The prisoners were placed in a stockade less than two acres square. They were
beneath the guns of the Yankee fort and situated so that every shot from the
Confederate forts ". . . must either pass over our heads or right through the
pen [stockade]. Any which fell short or exploded a tenth of a second too soon,
must strike death and destruction through our crowded ranks."48
Captain
MacRae describes the poor living conditions and food that was issued to the
Southern POWs. The men were confined in a very small area (two acres), and no
sanitary facilities were provided. They had to eat, sleep, and care for their
wounded in the same place where garbage and sewage were dumped. Their only
supply of water was from holes they dug in the sand. The water holes quickly
filled with a mixture of rain water, salt water, garbage, and sewage. Their food
consisted of provisions that had been condemned by the Federal government as
unfit for Yankee troops. These "rations" consisted of worm- and insect-infested
hardtack, a one-inch square, one-half-inch-thick piece of pork, and eight ounces
of sour corn meal.
The POWs were placed under the guard of the
Fifty-Fourth Massachusetts (Glory) and its cruel commander, Col. E. N.
Hollowell. When some of the POWs protested the conditions of the rations to
Colonel Hollowell, he replied, in true Yankee fashion, ". . . there was meat
enough in the crackers, bugs, and worms."49
Within the stockade, the
Yankees roped off a perimeter. Any POW who walked too close would be shot.
Colonel Hollowell also gave orders to the black troops to shoot into any
gathering of POWs larger than ten men or at any POW who broke any other rule of
the prison.
This barbaric attempt of the Yankee invader to use Southern
POWs as a shield to protect their positions did not work. Captain MacRae noted
that the Southern gunners did slow down and take more time to aim (the better to
hit the Yankee invader). With each well-placed shot from the Southern guns, a
great shout of joy would go up from the Southern hostages. When the Southern
guns fired, someone in the stockade would shout and everyone would hit the dirt
and watch as the friendly fire would do its work on the invader. After a few
months of this bombardment, the Yankees removed the men to another prison where
they were treated no better, but at least they were not in danger of being
killed\by their own men.
The Yankee apologists tell us that the North
was justified in using Southern POWs as a human shield because the Confederates
were treating Northern prisoners just as badly. This accusation was denied by
both the people of Charleston and by the Confederate government. Yankee major
general C. V. Foster stated:
Our of ricers, prisoners of war in
Charleston, have been ascertained to be as follows [rations]: Fresh meat three
quarters of a pound or one half pound hard bread or one half pint of meal;
beans, one fifth pint.50
This amount was about five times the quantity
given to the Southern POWs held by the Yankees. Foster, in a letter to his
superior, Gen. Henry Halleck, made the following statement:
Many of the
people of Charleston exerted themselves in every way to relieve the necessities
of our men, and freely, as far as their means would allow, made contributions of
food and clothing.51
He also stated that the kind and just treatment the
Northern POWs received from the South had induced over half (sixty-five percent)
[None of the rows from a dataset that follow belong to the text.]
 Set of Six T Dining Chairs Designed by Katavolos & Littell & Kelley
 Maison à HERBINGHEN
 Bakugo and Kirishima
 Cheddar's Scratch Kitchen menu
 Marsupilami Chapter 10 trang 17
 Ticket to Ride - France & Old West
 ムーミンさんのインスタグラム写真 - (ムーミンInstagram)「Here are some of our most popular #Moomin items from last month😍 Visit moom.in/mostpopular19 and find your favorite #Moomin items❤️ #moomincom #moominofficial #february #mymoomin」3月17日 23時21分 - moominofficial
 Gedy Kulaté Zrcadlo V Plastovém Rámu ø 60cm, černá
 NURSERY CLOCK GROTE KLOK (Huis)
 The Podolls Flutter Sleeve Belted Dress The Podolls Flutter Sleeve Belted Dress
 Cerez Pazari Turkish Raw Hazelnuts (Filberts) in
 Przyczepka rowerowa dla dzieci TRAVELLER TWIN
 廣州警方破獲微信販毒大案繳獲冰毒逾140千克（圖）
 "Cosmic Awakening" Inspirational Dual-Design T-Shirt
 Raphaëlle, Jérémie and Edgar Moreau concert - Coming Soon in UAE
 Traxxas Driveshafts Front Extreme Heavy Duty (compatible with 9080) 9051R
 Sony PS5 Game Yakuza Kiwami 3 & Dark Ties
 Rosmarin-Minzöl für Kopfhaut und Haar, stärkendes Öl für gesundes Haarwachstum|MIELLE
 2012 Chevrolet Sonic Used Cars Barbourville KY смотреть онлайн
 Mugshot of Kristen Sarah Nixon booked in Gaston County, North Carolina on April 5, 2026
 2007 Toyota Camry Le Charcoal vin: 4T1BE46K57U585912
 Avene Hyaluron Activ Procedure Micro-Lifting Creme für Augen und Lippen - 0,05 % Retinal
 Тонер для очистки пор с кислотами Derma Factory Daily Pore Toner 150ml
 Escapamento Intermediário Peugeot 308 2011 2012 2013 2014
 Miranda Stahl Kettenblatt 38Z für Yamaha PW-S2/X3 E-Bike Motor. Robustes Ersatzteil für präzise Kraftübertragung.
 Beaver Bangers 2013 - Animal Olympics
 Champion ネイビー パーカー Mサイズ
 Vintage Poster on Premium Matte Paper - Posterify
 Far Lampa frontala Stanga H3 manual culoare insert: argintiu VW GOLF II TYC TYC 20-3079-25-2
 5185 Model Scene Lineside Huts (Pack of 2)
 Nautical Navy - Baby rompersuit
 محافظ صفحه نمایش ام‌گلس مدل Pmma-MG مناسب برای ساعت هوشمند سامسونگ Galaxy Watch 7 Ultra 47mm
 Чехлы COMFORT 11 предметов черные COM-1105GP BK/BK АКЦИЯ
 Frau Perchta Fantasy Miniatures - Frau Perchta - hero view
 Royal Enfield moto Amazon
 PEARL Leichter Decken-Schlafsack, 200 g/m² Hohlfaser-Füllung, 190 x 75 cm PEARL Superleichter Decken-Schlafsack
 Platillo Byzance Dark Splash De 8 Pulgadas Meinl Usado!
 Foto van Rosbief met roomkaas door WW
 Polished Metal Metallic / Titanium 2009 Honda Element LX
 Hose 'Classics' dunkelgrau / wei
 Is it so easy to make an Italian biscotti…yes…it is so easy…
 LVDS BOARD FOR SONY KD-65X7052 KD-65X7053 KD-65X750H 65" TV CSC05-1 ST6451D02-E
of the men to go over to the Southern cause and sign an oath of allegiance to
the Confederacy. It may be noted that only one percent of the six hundred
Southern POWs held by General Foster went over to the Yankee side. This, in
itself, is evidence that the Northern POWs were treated kindly by the people and
government of Charleston.
The next time you hear a liberal news
commentator venting his wrath on evil tyrants who use innocent human beings as
hostages or human shields, stop and remember the six hundred Southern POWs at
Charleston. When you hear or read about terrorists such as Saddam Hussein, stop
and ask yourself, "Where do you suppose he got that idea?"